Brazil’s growth spurt shadowed by concerns over spending plans – Reuters poll

Reuters

By Gabriel Burin

BUENOS AIRES – Brazil’s growth spurt this year has been overshadowed by worries about an increasing number of hastily put-together spending plans ahead of October’s presidential vote, dampening the outlook for 2023, a Reuters poll showed.

Economic activity got an unexpected lift in the first-half from skyrocketing commodity prices for Brazilian exports as a consequence of Russia’s invasion of Ukraine. However, investors are looking at other issues ahead.


The main concern is a growing focus both by the government and opposition on quick political fixes to alleviate persistently high inflation, seen as a diversion from long overdue reforms, that is starting to unsettle markets.

Gross domestic product is forecast to expand at a slow 1.4% rate in 2022, according to the median forecast of 34 economists polled June 28-July 8 – still better than the meagre 0.5% clip expected in April’s survey.

But the view for 2023 was downgraded to just 0.8% from 1.5% previously, also reflecting prospects for more months of steep interest rates amid lingering uncertainty over the conflict in Eastern Europe.

“While the terms of trade give some breathing room … fundamentals remain vulnerable, especially for Brazil on the fiscal side,” analysts at Allianz wrote in their July economic outlook report.

Last month, Congress approved tax cuts aimed at lowering fuel costs, an inflation-fighting attempt backed by President Jair Bolsonaro. Now, lawmakers are debating another bill to bypass the country’s spending cap and boost social benefits.

Former Brazilian President Luiz Inacio Lula da Silva, the frontrunner in voter preferences, wants to scrap the fiscal ceiling altogether and revise the current budget framework to put in place a new one.

ASSET PRICE STRESS

“There is very little appetite for fiscal austerity … which points to an environment in which Brazilian asset prices are likely to remain under pressure,” Kimberley Sperrfechter, EM economist at Capital Economics, said.

While Brazil’s real has shed some of its recent gains and could weaken further due to the budget loosening, an escalation to the kind of foreign exchange drama that caused wider disruptions in the past is off the table.

Banco Central do Brasil’s aggressive rate hike campaign, for a total 1,125 basis points since last year, has been a mainstay of the country’s financial stability. But the bank is now close to ending its tightening cycle, which could add uncertainty.

In Mexico, the central bank has some extra room left for policy tightening, according to median estimates in the poll. This is helping to anchor the country’s economic forecasts, which came in little changed from the previous quarter.

GDP is set to expand 1.8% this year and 1.9% in 2023, slightly under April’s poll estimates of 1.9% and 2.1% for 2022 and next year, respectively.
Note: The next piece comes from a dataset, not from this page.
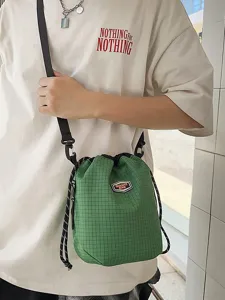 Casual green grid nylon drawstring bucket bag, lightweight crossbody travel shoulder bag for daily use.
Expectations for the Mexican economy remain subdued, though.

Soft investment prospects and increased structural rigidities will keep constraining activity in the medium-term, Moody’s Investors Service said last week, as it cut Mexico’s credit rating by one notch.

But all the threats floating over the biggest Latin American economies are dangerously materializing in Argentina, where the sudden resignation via Twitter of a finance minister unable to cope with massive imbalances ignited a crisis this month.

In current stormy conditions, “we expect inflation to accelerate even further in 2023,” Isaias Marini, an economist at consultancy Econviews, said. “It could slow down by the end of 2024, provided a credible stabilization plan is put in place.”